Sunday, January 30, 2011

Asian Love

So a friend was showing me all her beautiful asian friends back in Japan yesterday. I was in love with them all. So last night when i fell asleep what else did I dream about but Asians and being in love with them. haha. It went a little something like this:

Everything is dim and as my eyes adjust i realize i am in a large theater. Totally quintessential with boxes and long beautiful burgundy drapes. I am sitting in the back with these kids that are my friends, but in real life i have no idea who they are. Dream me knows they are my friends.
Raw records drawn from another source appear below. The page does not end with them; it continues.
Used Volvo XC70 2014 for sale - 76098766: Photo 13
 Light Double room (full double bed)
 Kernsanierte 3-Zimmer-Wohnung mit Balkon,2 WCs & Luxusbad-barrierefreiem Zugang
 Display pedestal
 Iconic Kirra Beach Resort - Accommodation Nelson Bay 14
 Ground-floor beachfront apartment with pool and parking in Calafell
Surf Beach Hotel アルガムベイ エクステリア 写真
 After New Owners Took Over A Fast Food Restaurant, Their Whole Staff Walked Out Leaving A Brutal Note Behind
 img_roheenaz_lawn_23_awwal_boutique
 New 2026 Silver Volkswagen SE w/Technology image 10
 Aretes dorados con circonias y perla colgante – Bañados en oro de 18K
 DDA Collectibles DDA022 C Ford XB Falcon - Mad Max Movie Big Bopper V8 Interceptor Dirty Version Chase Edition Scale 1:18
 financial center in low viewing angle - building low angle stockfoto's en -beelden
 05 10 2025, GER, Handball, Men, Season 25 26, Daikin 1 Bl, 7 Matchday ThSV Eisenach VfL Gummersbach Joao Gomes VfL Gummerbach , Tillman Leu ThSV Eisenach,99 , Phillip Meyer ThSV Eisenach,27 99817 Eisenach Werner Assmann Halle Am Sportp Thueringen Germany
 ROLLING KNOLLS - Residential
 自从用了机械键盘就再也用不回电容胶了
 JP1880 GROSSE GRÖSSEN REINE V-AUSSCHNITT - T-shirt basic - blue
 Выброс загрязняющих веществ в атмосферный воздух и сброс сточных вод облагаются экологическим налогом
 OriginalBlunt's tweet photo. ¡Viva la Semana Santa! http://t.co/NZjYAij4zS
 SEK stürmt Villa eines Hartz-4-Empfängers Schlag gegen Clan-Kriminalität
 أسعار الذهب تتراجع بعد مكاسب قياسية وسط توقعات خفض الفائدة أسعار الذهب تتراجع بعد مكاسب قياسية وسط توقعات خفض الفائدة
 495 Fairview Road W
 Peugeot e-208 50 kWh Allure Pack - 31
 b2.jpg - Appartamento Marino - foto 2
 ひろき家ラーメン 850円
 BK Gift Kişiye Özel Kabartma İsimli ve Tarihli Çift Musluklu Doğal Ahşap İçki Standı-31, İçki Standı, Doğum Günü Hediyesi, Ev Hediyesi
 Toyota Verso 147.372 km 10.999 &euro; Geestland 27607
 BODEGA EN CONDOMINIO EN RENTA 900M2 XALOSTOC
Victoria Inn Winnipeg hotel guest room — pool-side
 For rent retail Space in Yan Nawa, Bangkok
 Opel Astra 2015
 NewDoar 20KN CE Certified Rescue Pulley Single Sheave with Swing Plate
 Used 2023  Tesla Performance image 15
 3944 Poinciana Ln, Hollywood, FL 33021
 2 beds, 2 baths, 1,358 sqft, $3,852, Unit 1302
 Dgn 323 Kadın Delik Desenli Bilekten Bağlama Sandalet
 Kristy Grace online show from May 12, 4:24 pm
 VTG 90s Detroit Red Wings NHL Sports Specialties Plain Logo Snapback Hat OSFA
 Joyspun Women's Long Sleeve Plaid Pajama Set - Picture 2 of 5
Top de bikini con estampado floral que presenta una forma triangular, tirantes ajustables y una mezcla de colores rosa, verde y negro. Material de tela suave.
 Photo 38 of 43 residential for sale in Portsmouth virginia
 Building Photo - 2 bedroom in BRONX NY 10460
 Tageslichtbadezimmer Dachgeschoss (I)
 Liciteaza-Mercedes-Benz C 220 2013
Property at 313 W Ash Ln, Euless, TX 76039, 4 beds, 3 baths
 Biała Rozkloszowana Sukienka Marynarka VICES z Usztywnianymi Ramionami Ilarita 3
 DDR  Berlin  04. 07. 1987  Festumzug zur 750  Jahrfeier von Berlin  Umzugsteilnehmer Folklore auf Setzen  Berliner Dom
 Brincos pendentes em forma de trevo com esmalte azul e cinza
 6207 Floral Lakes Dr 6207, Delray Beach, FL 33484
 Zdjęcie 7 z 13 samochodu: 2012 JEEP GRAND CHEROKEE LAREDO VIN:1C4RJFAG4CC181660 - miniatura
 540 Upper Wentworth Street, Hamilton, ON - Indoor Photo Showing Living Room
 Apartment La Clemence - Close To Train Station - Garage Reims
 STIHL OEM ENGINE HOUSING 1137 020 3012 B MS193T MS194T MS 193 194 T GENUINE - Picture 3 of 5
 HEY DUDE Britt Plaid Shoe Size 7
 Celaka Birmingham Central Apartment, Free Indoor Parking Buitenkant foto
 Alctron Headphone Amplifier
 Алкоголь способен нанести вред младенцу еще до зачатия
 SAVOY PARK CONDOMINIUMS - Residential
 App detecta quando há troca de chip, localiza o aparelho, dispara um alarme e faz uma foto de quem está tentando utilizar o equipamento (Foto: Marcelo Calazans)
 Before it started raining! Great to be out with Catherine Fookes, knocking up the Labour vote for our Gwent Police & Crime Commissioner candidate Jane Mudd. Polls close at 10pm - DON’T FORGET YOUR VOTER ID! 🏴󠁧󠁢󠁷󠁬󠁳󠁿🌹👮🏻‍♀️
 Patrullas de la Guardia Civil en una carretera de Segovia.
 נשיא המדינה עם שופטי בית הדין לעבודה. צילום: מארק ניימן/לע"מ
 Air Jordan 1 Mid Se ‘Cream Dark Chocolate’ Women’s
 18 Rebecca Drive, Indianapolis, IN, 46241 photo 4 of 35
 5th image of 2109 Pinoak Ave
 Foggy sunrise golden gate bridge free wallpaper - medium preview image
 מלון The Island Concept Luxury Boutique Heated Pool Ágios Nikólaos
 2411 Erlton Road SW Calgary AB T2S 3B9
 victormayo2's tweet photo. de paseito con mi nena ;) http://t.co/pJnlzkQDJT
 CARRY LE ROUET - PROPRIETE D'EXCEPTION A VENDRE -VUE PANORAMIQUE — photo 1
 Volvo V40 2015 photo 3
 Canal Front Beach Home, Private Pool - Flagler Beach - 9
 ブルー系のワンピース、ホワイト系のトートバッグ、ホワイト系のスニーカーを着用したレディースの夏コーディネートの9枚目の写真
As one of them comes back from the bathroom he is being followed by this small asian girl, long black hair and cute little outfit, totally magical. she sits next me and i look at her face closely. it kinda morphs between a few different faces as i stare. suddenly the movie starts and i say "who what" and realize we are watching the simpsons and that everyone else in the theater is gone. when my attention turns back to the beauty asian a realize we are on a couch now spooning but kinda upside down so her butt is my pillow. then the dream cuts.

i am in my grandparents house and i already understand my dream persona. i am a dominant member of the society. a group of soldiers walk in the room they are dressed like ancient samuri and they line up to pay homage to me. i stand up on a table so that they can all pass by and kiss my feet. cause in my dream thats how it works. the third one bends down and when he kisses my foot it is this soft sweet kiss right on my ring finger toe. i instantly realize it is her in disguise. then the dream cuts.

suddenly we are in the back yard and i feel anxious like i know i am doing something wrong. she explains how she dressed up to sneak into my house to see me. my dream mind knows we cant be together so i keep trying to make her go but she keeps giving me these sweet little asian kisses and i love her so much in my dream mind that i woke up feeling like i lost a love.